Just a question. Jim, you were talking just a second ago about natural gas taking share from oil. Where do you see that happening? And I guess over the next 5 to 10 years as this pricing plays out, where do you think the -- which industries do you think are most likely to make this switch or can realize the best benefit from [indiscernible] to the low-cost BTUs?

James S. Tisch

Analyst · Barclays.

So the only place generally where there's been this direct head-to-head competition of natural gas and oil is in transportation fuels. But when you look at the energy mix of the U.S. economy, you see that oil has come down and natural gas has gone up. The price where natural gas is taking very significant market share over the past several years has been in power production. And there, natural gas has taken market share from coal. The other thing that's happened is that oil consumption has declined -- steadily declined in the United States since about '07. And the reason for that is either improved miles per gallon on cars or flat -- or miles driven not increasing so dramatically. But it hasn't really been so much gas on oil competition.

Andrew Baker

Analyst · Barclays.

And just one other question on hotels. I guess the question is why now, why we make such a big investment. Or why are there more opportunities coming to you now than there have in the past? I mean, this is something we've talked about for a number of years and hoping that the -- you are well poised with your liquidity to take advantage of opportunities during the fiscal crisis. Now as we emerge, are there just more opportunities coming your way now or -- so that you are more comfortable with the outlook for the properties that are on the market? I mean, how do we think about the timing decisions here?

James S. Tisch

Analyst · Barclays.

I'd say it's 2 things. Number one, we do see opportunities. There are not many hotels that are being built now even though the hotel business is reasonably good. So that's an environment where we like to be developing hotels, combined with the fact that we have a management team now that is very adept at acquiring hotels.
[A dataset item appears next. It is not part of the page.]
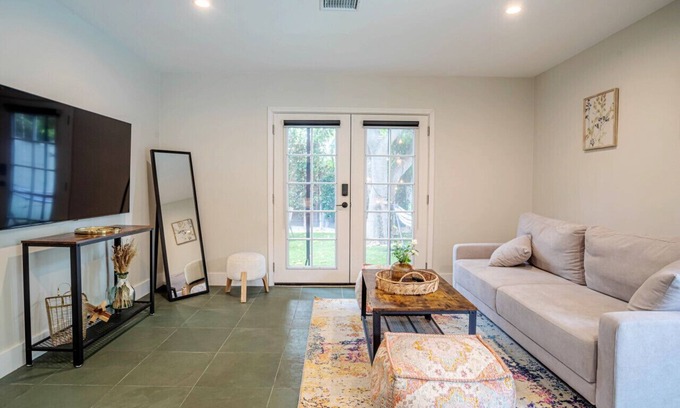 Sherman Oaks Casa | guest house private entry patio garden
They understand very well how to finance hotels not only with debt but also with equity investors. And so we're making use of their expertise.

Andrew Baker

Analyst · Barclays.

And just one last for Pete. I missed what you said on the call what the year-end corporate cash and debt balances were.

Peter W. Keegan

Analyst · Barclays.

It's about 3.9 billion.

James S. Tisch

Analyst · Barclays.

And the debt on Loews is about $700 million.

Peter W. Keegan

Analyst · Barclays.

The debt is yes, $700 million.

Operator

Operator

That was our final question. Now I'd like to turn the floor back over to Mary Skafidas for any closing remarks.

Mary Skafidas

Analyst

Great. Thank you, everyone. Thank you for your continued interest. A replay is going to be available on our website in the next 2 hours. And this concludes our call for today.

Operator

Operator

Thank you. This concludes today's conference call. You may now disconnect.